Conformément aux dispositions de l'article 455 du code de procédure civile, il est renvoyé aux conclusions des parties pour un plus ample exposé du litige. L'affaire a été mise au délibéré par mise à disposition au greffe, la date fixée ayant été communiquée aux parties présentes.

 

MOTIFS DE L'ARRÊT

Au constat de ce que le premier juge n'a statué en définitive que sur les points 4, 6, 7 de la lettre d'observations du 15 avril 2016 faisant suite à la vérification de l'application des législations de sécurité sociale, d'assurance-chômage et de garantie des salaires, ainsi que sur le redressement opéré par lettre d'observation du 15 avril 2016 suite au contrôle portant sur la recherche des infractions aux interdictions de travail dissimulé, la cour n'est saisie par la voie de l'appel que du litige ainsi circonscrit.

* 4 - frais professionnels- limite d'exonération : utilisation du véhicule personnel (indemnités kilométriques)

En application de l'article L.242-1 du code de la sécurité sociale, tout avantage en argent ou en nature alloué en contrepartie ou à l'occasion du travail doit être soumis à cotisations à l'exclusion des sommes représentatives de frais professionnels, dans les conditions et limites fixées par arrêté interministériel.

Ainsi, l'article 4 de l'arrêté du 20 décembre 2002 prévoit que lorsque le travailleur salarié ou assimilé est contraint d'utiliser son véhicule personnel à des fins professionnelles, l'indemnité forfaitaire kilométrique est réputée utilisée conformément à son objet dans les limites fixées par les barèmes kilométriques annuellement publiés par l'administration fiscale.

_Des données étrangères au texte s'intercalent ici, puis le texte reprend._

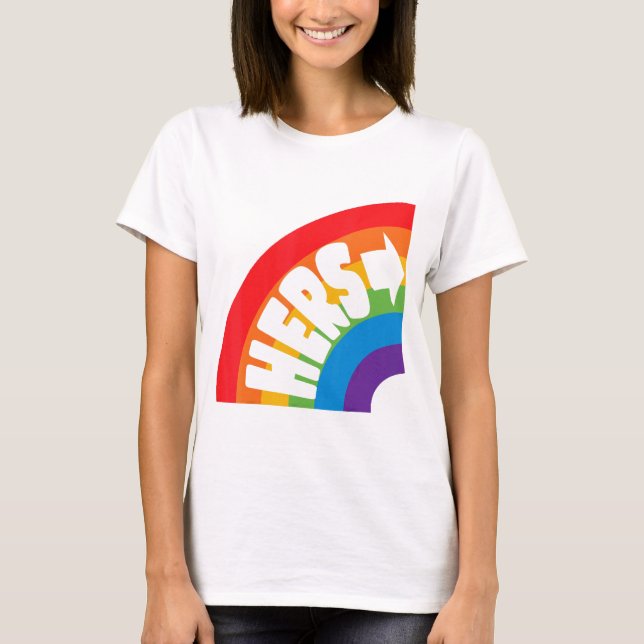 Hers Rainbow Arrow T-Shirt (Vorderseite)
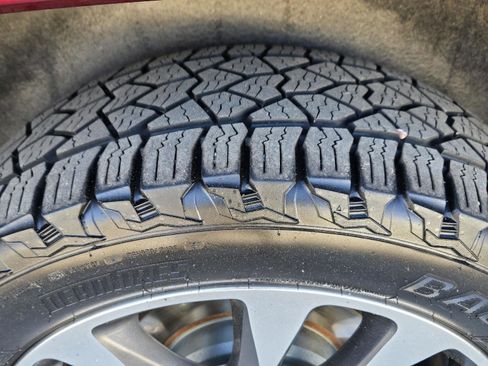 Used 2018 Jeep Grand Cherokee Overland image 43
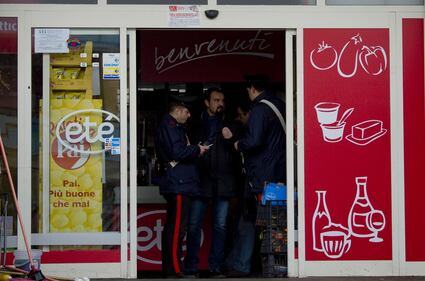 Rapina nel Napoletano, 10 feriti 6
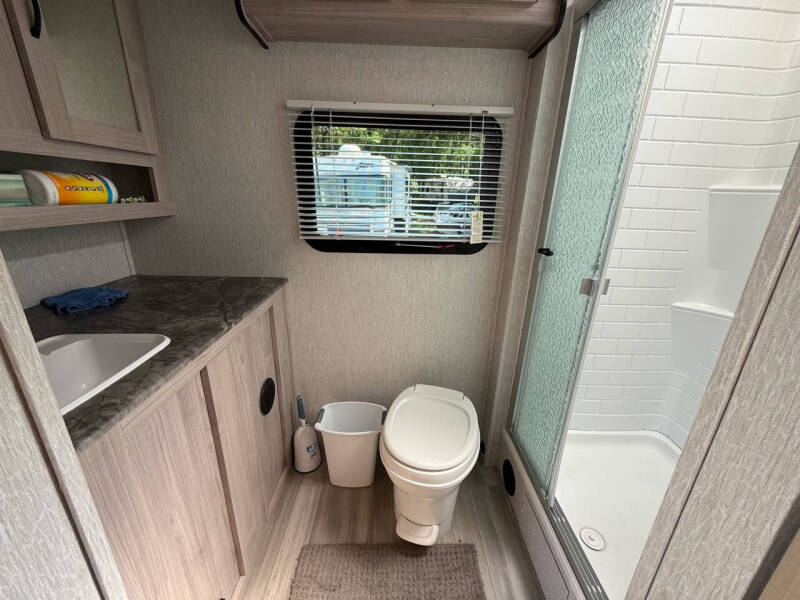 2022 Coachmen RV Spirit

L'exonération est admise sous réserve qu'il soit justifié du moyen de transport utilisé par le salarié, du nombre de kilomètres effectués à titre professionnel, et de la puissance du véhicule par le biais de la carte grise. Ainsi, la carte grise du bénéficiaire doit être conservée en copie aux fins de justification de la cylindrée fiscale, cette carte grise doit être établie au nom du bénéficiaire ou de son conjoint.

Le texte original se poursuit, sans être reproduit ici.